A spokesperson for restaurant operator Darden Restaurants, which incorporated tip-sharing in 2011 at their Olive Garden and Red Lobster chains, said that it was more consistent and fair "to recognize everyone who delivers a guest experience", and noted that the lower hourly base wage for bartenders and bussers offered "the opportunity to ultimately earn more", depending on a restaurant's volume of tips.

==Notable former bussers==
- Alec Baldwin, American actor, producer, and comedian, was a busser at Studio 54, a New York City disco.
- Arthur Bremer, American failed assassin of George Wallace in 1972, and whose diary became the basis for the movie Taxi Driver, was demoted from busser to custodian at the Milwaukee Athletic Club when he was caught talking to himself.

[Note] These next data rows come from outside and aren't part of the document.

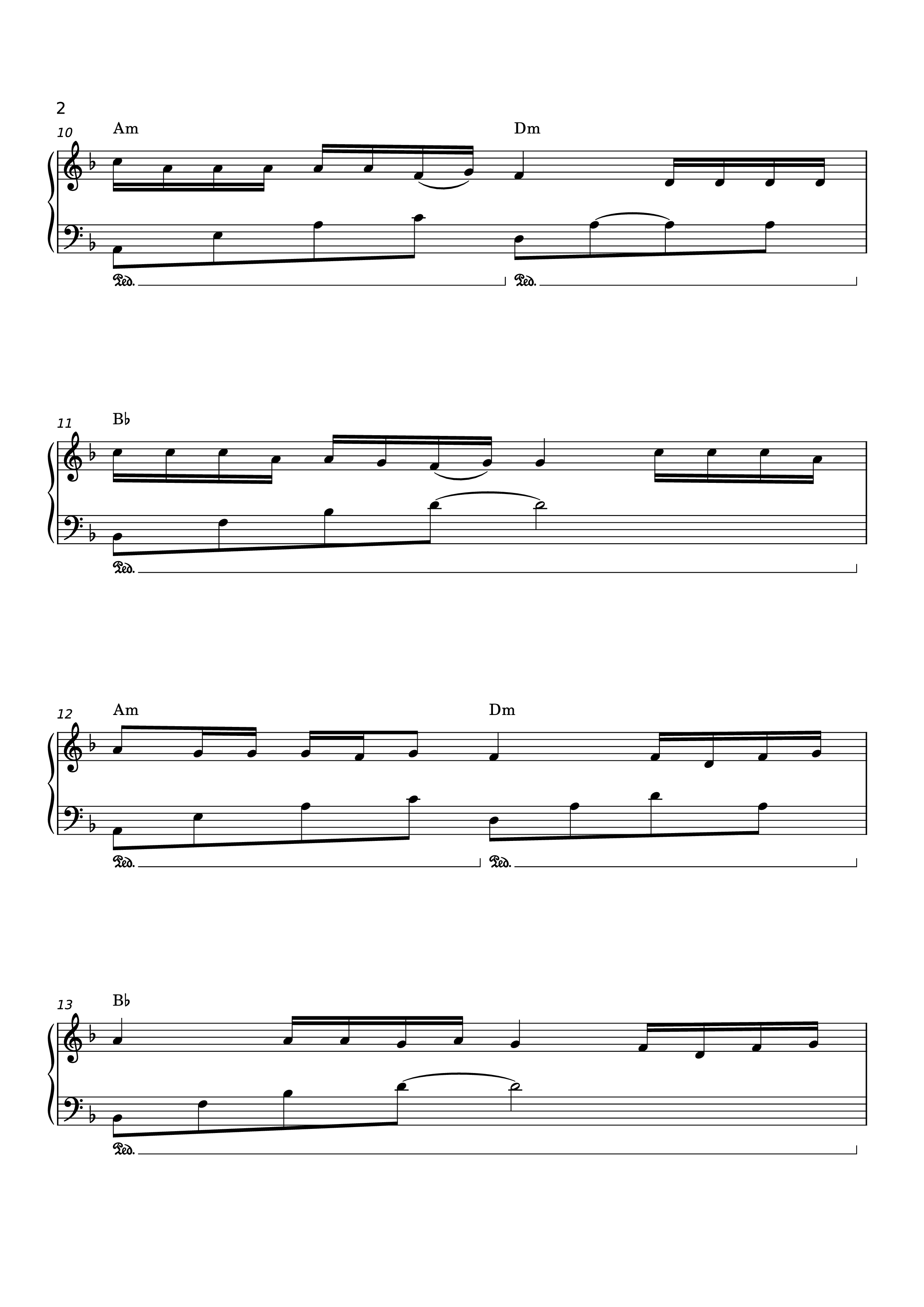 Page 2 of the piano sheet music PDF Piano – Có chắc yêu là đây Piano by Sơn Tùng  M-TP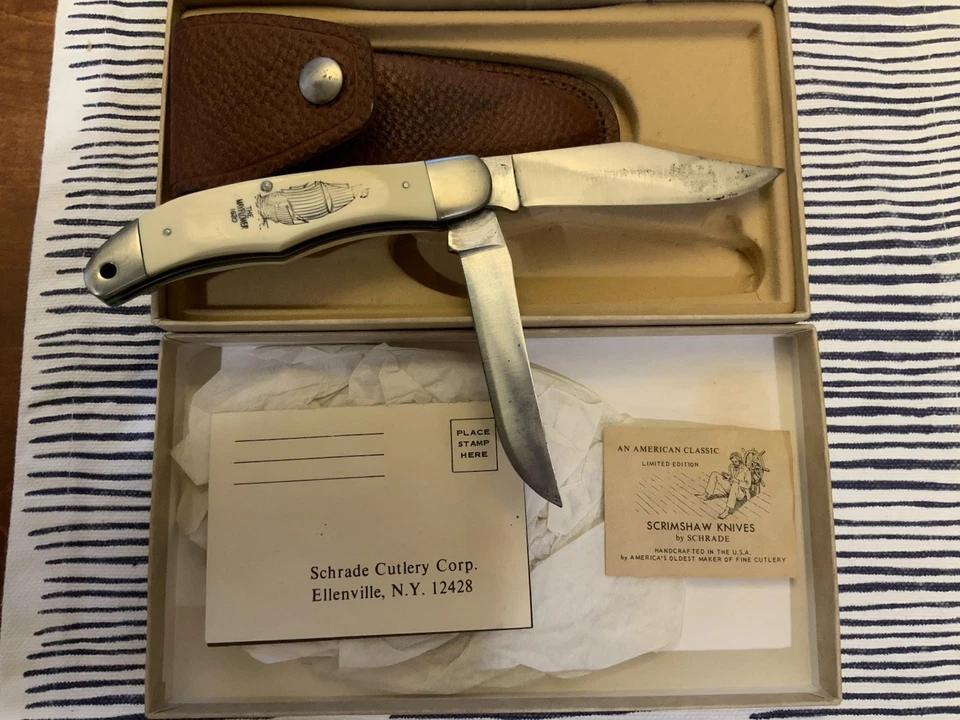 Cuchillo Schrade Scrimshaw  Foto 2 de 4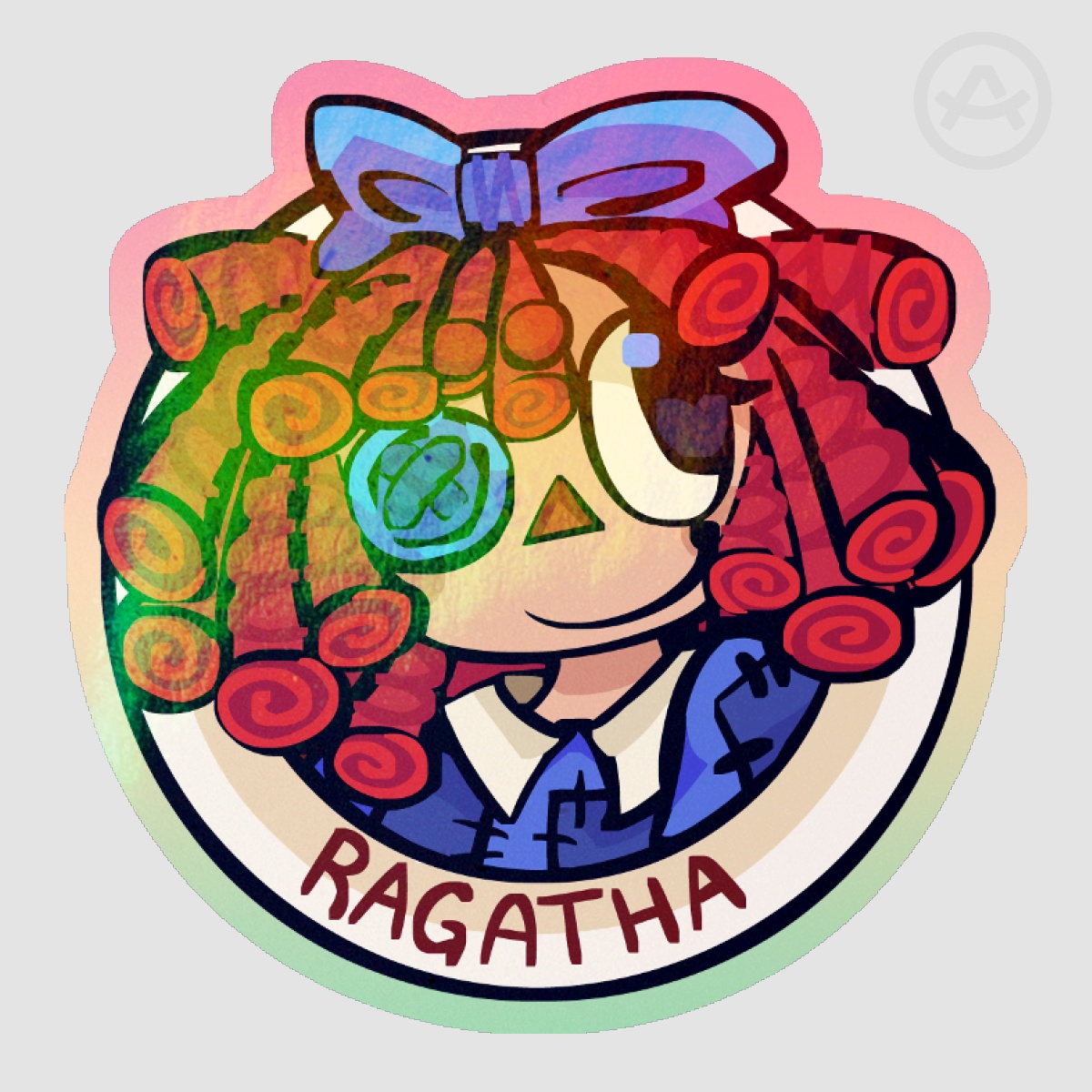 Ragatha Colored Edge Die Cut Stickers TADC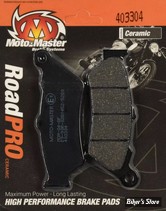 PLAQUETTES AVANT / ARRIERE - OEM 41300169 / 41300161 - MOTO MASTER - ROADPRO BRAKE PADS - CERAMIQUE - 403304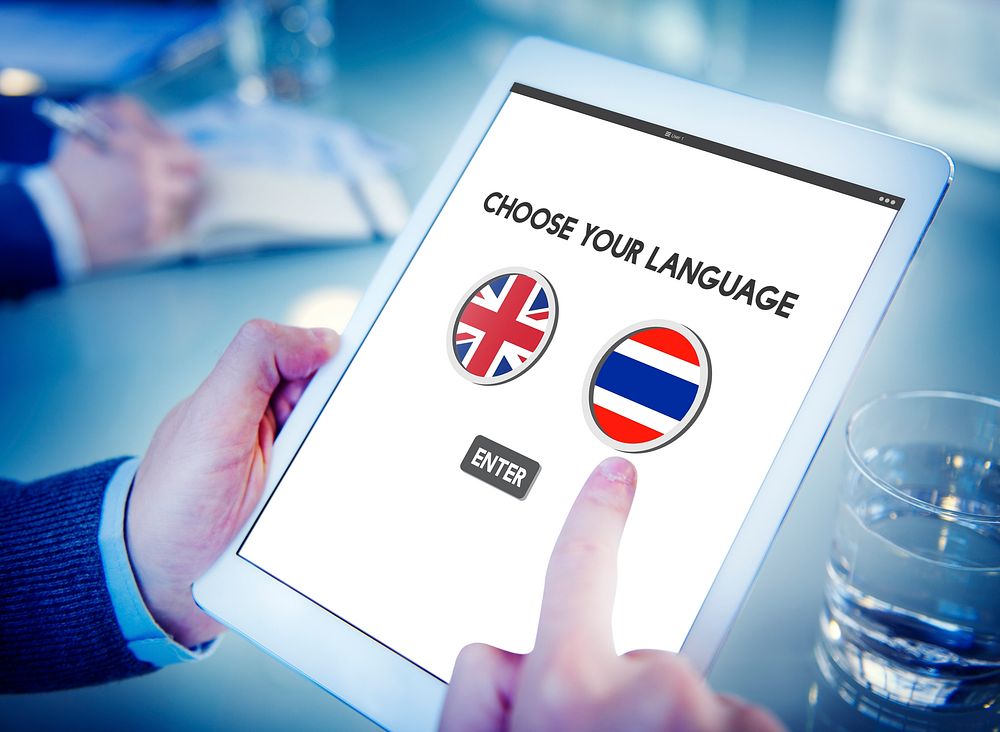 Thai English Language Communication Global Concept
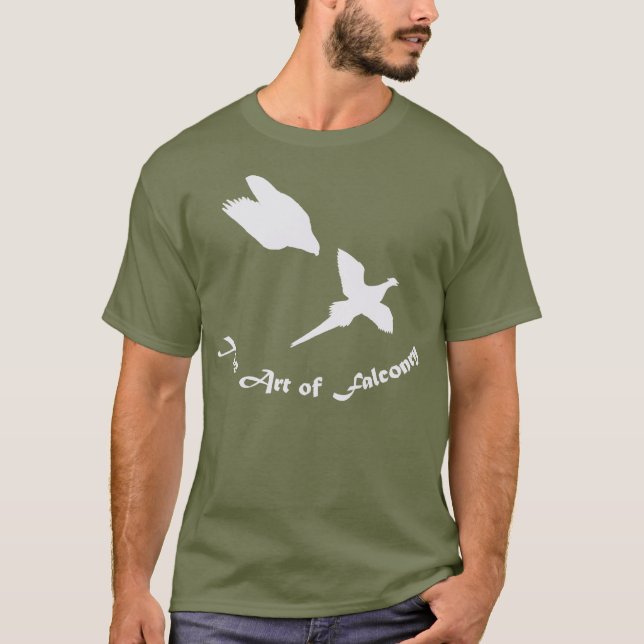 Konst av falconryPeregrinefalken T-shirt (Framsida)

- Jacques Chirac, former President of France, worked as a busser and waiter in a Howard Johnson's restaurant while attending summer school at Harvard University.
- Robert Downey Jr., American actor, worked as a busser at a restaurant in New York City for three years, because he was "too sweaty" to work as a waiter.
- Richard Feynman, American physicist, experimented with ways to optimize dish-stacking while working as a busser during the summer growing up.
- Redd Foxx, American comedian and actor, worked as a busser and dishwasher at a famous Harlem eatery called Jimmy's Chicken Shack. He was friends with Malcolm X, who then worked there as a waiter, and who later described Foxx as "the funniest dishwasher on this earth".
- Langston Hughes, American writer and poet, dubbed the "busser poet" by journalists in 1925 after he left three of his poems beside the plate of famed poet Vachel Lindsay at the hotel where he worked, who then read the poems at a large poetry reading later that evening.
- George Kirby, American comedian, singer and actor, worked as a busser at Chicago's Club DeLisa for $13 per week, until his comedic impersonations earned him a trial on the club's stage, which launched his comedy career.
- Jerry Lewis, American comedian and actor, worked as a busser at Brown's Hotel in the Catskills, where he would try to get laughs from diners. When he later teamed up with Dean Martin to do live shows, a signature bit had Lewis playing an inept busser, interrupting the suave Martin's singing numbers, an act revisited years later in a scene from their eighth film, Scared Stiff.
- Samin Nosrat, enrolled at the University of California, Berkeley, in 1997, majoring in English. As a sophomore in 2000, she ate dinner at Chez Panisse and immediately decided to work there as a busser. Nosrat eventually worked her way up to the restaurant kitchen, becoming a cook and working with Alice Waters, who described her as "America's next great cooking teacher".
- Bree Olson, American pornographic actress, worked as a busser at age 15.
- Al Pacino, American actor and director, worked as a busser among a series of low-paying jobs to fund his acting studies.
- Chris Rock, American comedian and actor, worked as a busser at a Red Lobster restaurant in Queens, New York; both Red Lobster and "a one-legged busboy" featured among his later jokes.
- Jon Stewart, American comedian, writer and host of The Daily Show, worked as a busser at a Mexican restaurant. Stewart named his production company Busboy Productions.
- Rex Tillerson, American businessman, Secretary of State in the Donald Trump administration, worked as a busser at age 14.
- Oscar Tschirky, American maître d'hôtel of Manhattan's Waldorf-Astoria Hotel who created the Waldorf salad, began his career as a busser.

== In popular culture ==
- A 1991 Seinfeld episode entitled "The Busboy" is centered on a busser who is fired due to George Costanza's accidental actions.